[Data items]
_____

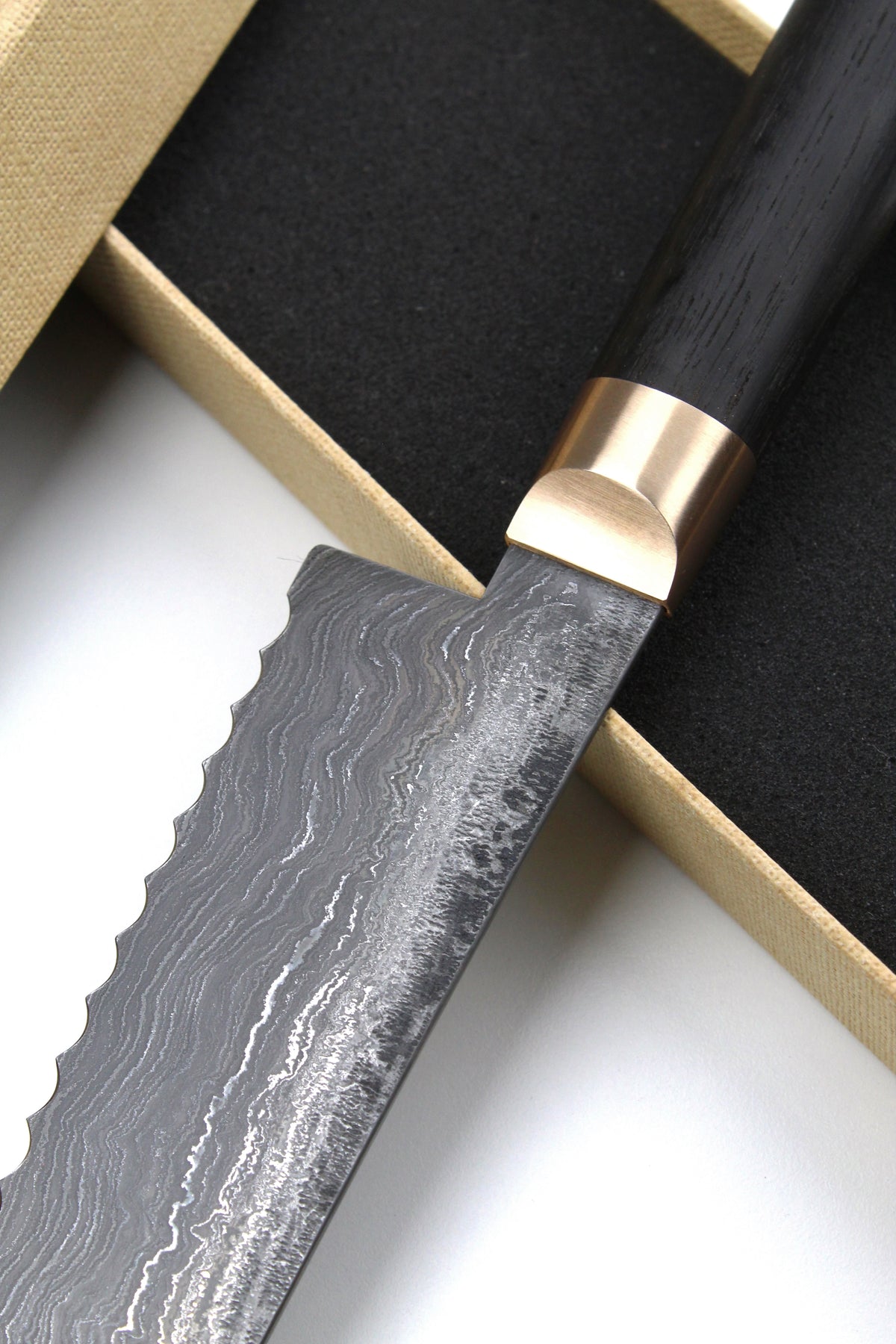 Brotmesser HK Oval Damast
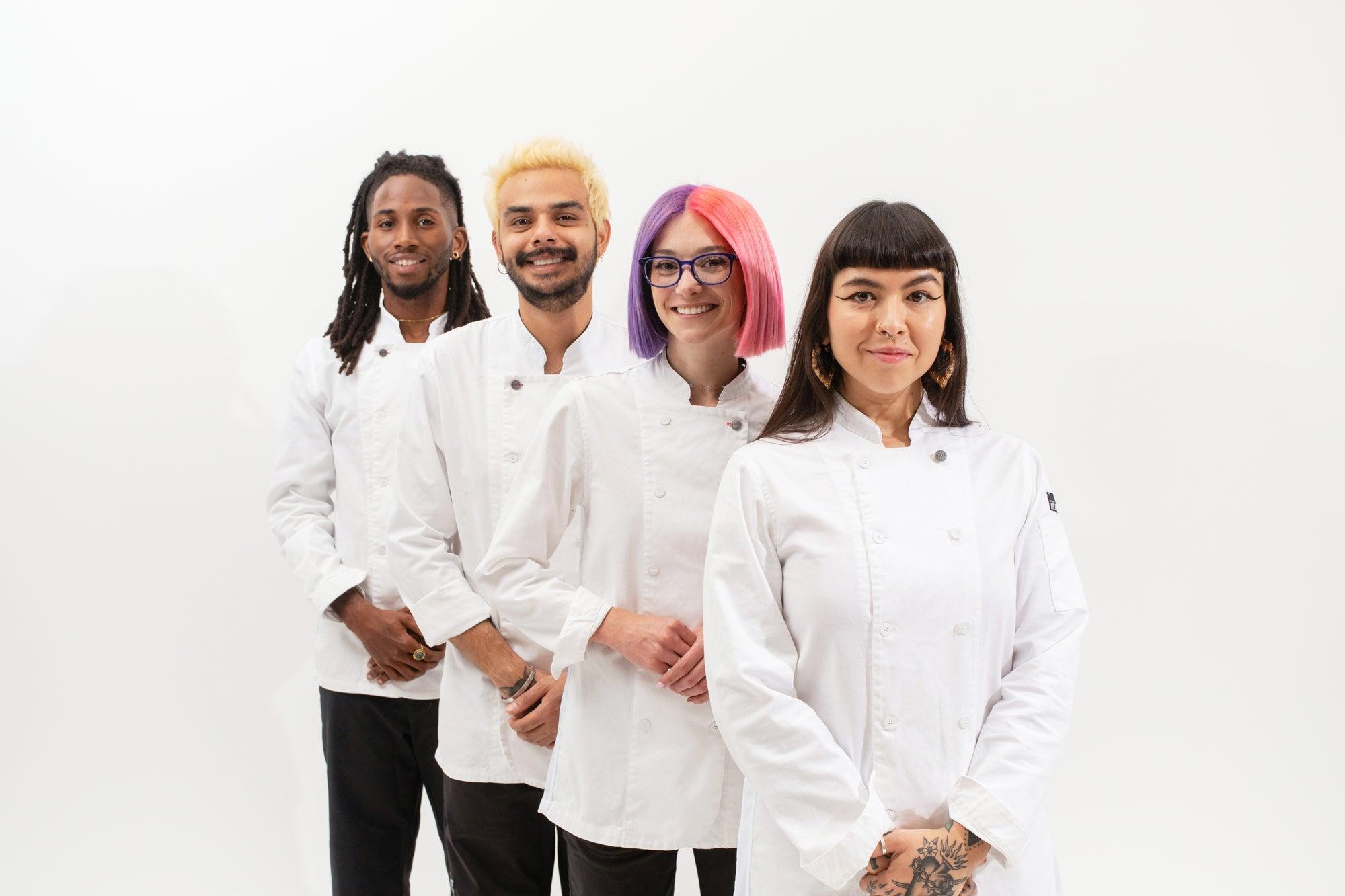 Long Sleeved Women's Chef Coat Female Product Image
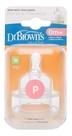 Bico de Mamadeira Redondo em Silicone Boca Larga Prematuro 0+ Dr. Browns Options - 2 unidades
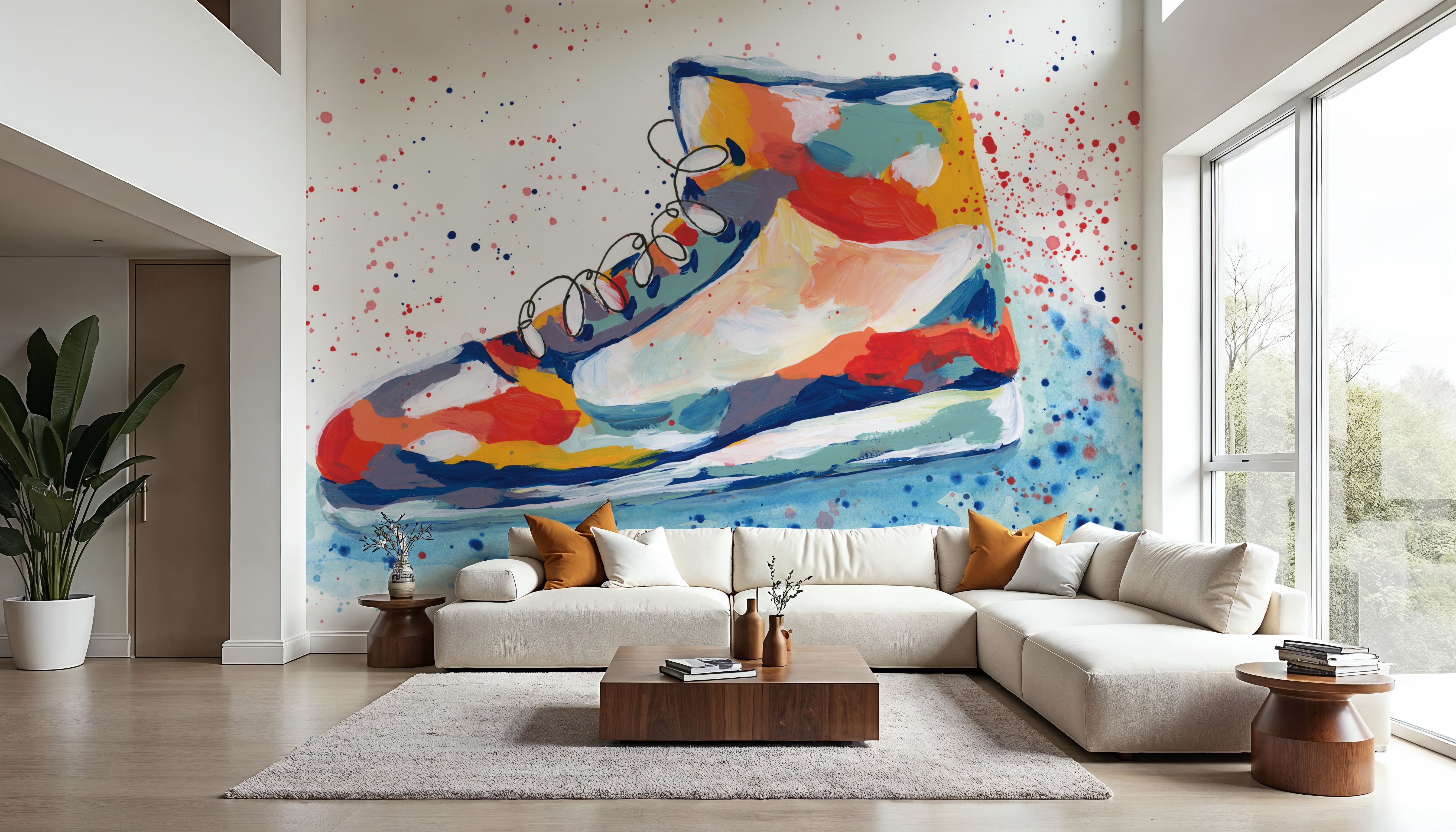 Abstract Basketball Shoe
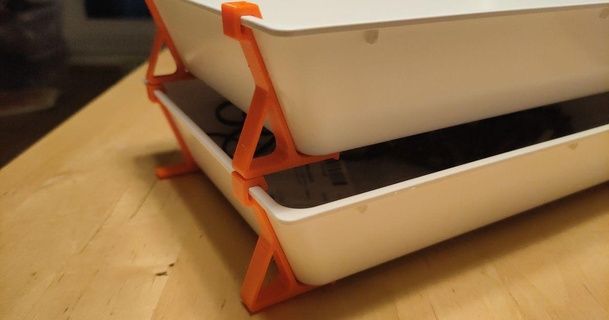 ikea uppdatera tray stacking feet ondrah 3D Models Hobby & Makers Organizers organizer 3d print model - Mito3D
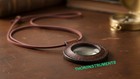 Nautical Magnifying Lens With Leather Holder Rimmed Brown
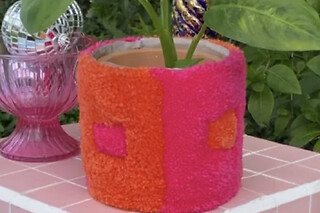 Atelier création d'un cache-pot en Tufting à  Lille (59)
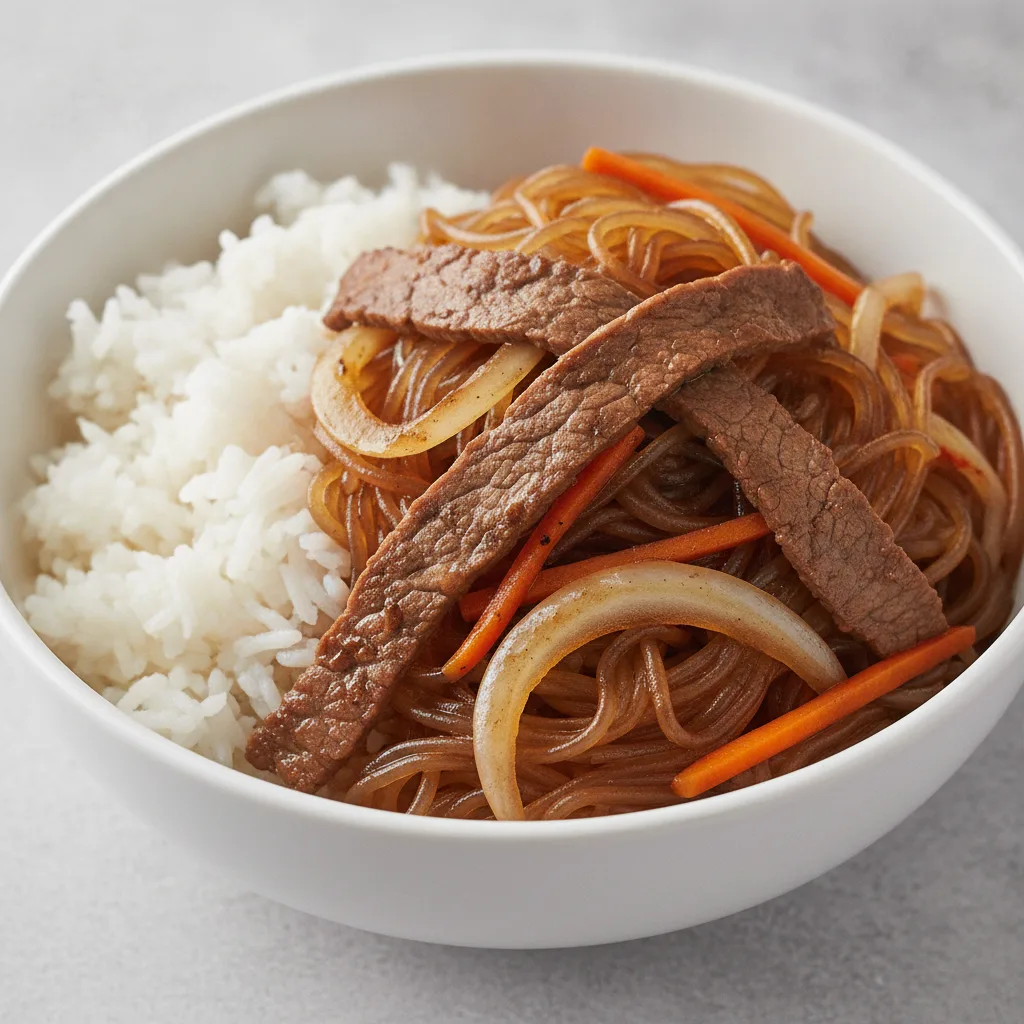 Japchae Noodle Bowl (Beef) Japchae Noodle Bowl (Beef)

_____

## Task instructions:
Among the entries above, take the line with "Abstract Basketball Shoe", the line with "Atelier création d'un", and all the lines between them, and restate them word for word without pictures.

## Answer space:
 Abstract Basketball Shoe
 ikea uppdatera tray stacking feet ondrah 3D Models Hobby & Makers Organizers organizer 3d print model - Mito3D
 Nautical Magnifying Lens With Leather Holder Rimmed Brown
 Atelier création d'un cache-pot en Tufting à  Lille (59)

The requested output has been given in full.